** PROBLEM REQUIREMENTS **
Go through the data below and copy each line where the word "Hyundai" occurs.

____ WORKING DATA

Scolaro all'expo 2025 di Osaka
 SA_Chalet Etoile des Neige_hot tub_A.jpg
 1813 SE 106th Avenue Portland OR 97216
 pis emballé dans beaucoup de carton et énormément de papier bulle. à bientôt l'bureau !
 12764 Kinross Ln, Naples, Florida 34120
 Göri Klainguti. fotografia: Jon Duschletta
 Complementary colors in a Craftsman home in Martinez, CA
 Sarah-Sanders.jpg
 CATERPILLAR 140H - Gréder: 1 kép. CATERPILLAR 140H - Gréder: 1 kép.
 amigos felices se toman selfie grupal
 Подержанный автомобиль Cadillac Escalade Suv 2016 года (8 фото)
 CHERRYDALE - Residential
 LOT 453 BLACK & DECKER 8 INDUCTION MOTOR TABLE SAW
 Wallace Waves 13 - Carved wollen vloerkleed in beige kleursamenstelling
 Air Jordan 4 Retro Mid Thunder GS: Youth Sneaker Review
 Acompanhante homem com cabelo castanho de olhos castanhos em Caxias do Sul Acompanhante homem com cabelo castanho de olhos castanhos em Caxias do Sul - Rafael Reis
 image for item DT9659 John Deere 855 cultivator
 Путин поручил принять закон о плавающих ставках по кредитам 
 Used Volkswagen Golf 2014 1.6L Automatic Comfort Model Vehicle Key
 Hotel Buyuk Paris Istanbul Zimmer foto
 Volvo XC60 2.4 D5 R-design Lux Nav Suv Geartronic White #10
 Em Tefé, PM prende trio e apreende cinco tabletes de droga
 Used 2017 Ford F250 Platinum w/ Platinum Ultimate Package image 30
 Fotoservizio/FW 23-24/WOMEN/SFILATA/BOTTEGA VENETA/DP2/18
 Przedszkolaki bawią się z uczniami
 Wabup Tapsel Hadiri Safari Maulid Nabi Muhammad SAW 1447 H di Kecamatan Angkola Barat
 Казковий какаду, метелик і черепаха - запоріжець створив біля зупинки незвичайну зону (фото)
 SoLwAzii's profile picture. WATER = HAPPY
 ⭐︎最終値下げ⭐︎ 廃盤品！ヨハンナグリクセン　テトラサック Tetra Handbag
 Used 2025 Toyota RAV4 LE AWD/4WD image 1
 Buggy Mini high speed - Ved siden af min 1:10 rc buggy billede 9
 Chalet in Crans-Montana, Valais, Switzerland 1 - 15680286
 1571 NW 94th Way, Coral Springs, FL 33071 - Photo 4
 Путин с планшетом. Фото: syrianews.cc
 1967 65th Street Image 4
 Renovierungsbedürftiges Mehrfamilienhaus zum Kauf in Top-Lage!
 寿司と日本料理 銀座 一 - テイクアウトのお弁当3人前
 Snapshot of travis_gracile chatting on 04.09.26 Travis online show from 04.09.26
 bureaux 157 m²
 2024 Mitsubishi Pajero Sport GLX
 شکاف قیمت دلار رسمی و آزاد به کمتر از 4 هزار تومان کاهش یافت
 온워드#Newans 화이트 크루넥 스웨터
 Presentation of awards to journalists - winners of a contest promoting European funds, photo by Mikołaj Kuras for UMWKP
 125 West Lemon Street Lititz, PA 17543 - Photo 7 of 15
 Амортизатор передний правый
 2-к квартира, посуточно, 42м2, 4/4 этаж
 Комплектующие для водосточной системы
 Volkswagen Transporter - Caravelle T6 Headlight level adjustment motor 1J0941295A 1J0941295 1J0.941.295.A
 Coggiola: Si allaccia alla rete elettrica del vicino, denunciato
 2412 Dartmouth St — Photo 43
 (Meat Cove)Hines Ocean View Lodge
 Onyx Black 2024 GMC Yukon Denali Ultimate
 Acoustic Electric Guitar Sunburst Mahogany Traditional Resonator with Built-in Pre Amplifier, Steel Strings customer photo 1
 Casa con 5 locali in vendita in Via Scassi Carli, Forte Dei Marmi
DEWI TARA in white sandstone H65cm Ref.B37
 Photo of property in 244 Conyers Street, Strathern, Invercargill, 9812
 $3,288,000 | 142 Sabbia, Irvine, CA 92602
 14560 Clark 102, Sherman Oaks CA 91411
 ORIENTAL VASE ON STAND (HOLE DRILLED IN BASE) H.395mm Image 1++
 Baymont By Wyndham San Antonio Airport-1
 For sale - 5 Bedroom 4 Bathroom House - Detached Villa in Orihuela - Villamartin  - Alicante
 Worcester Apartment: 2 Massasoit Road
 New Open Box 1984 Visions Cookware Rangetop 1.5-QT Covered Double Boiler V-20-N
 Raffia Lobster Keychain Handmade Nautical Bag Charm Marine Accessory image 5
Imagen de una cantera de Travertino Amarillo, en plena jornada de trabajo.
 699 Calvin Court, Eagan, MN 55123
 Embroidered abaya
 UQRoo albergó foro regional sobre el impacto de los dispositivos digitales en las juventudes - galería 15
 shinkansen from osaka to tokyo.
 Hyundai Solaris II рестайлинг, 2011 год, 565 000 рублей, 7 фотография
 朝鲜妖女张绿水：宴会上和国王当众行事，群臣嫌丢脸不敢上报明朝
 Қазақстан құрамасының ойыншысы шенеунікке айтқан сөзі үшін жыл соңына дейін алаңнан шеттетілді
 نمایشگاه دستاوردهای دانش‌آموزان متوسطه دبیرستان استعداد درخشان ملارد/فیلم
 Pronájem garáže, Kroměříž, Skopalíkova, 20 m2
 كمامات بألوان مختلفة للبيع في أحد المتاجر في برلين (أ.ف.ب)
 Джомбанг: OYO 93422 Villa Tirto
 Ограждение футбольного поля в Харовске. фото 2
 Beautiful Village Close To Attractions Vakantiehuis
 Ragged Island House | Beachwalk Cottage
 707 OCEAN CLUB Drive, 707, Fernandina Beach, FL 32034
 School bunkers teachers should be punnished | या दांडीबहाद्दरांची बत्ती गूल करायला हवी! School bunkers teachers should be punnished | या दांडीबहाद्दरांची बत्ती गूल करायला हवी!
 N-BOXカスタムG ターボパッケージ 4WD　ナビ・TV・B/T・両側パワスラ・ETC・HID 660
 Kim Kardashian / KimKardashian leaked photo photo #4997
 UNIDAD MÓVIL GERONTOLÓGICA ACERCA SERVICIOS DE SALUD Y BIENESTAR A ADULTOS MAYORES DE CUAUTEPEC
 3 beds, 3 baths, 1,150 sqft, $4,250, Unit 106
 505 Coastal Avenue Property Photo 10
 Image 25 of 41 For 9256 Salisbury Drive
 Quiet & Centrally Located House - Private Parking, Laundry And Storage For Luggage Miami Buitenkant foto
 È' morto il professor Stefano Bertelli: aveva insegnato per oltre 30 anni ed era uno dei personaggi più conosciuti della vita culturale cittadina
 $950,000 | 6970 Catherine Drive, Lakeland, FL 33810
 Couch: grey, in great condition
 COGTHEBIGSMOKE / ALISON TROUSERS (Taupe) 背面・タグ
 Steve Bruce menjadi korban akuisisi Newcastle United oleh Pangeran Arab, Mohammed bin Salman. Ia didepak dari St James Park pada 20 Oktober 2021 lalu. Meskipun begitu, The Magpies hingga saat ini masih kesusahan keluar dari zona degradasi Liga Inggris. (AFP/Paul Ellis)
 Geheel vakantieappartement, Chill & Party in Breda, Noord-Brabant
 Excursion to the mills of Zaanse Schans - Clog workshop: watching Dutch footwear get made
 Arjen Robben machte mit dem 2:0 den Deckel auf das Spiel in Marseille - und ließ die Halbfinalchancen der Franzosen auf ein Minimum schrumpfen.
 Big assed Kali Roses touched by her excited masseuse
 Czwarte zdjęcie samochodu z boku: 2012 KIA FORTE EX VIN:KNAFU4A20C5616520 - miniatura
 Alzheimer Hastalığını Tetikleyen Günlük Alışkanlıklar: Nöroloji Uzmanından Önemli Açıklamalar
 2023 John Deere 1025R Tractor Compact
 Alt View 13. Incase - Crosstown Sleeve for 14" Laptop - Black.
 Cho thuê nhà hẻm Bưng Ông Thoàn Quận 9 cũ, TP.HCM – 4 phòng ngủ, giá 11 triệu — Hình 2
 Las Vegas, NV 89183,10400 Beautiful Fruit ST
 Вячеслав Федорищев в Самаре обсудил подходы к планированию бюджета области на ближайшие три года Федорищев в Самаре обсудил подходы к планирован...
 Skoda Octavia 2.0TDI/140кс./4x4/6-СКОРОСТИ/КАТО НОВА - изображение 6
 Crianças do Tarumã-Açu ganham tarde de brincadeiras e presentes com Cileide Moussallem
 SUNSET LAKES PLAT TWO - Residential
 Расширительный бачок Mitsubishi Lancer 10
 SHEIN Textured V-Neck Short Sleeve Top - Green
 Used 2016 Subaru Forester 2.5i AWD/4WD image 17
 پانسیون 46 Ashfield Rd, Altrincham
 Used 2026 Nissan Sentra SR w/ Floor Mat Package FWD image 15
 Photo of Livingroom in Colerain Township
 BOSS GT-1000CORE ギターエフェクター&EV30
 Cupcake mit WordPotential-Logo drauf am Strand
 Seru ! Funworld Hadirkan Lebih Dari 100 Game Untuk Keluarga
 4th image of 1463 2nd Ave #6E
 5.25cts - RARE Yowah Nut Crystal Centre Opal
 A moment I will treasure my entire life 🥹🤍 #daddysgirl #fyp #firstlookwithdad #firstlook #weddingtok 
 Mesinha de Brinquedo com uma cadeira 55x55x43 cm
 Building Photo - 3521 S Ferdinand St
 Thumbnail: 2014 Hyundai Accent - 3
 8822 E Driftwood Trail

________

** WRITTEN SOLUTION **
 Hyundai Solaris II рестайлинг, 2011 год, 565 000 рублей, 7 фотография
 Thumbnail: 2014 Hyundai Accent - 3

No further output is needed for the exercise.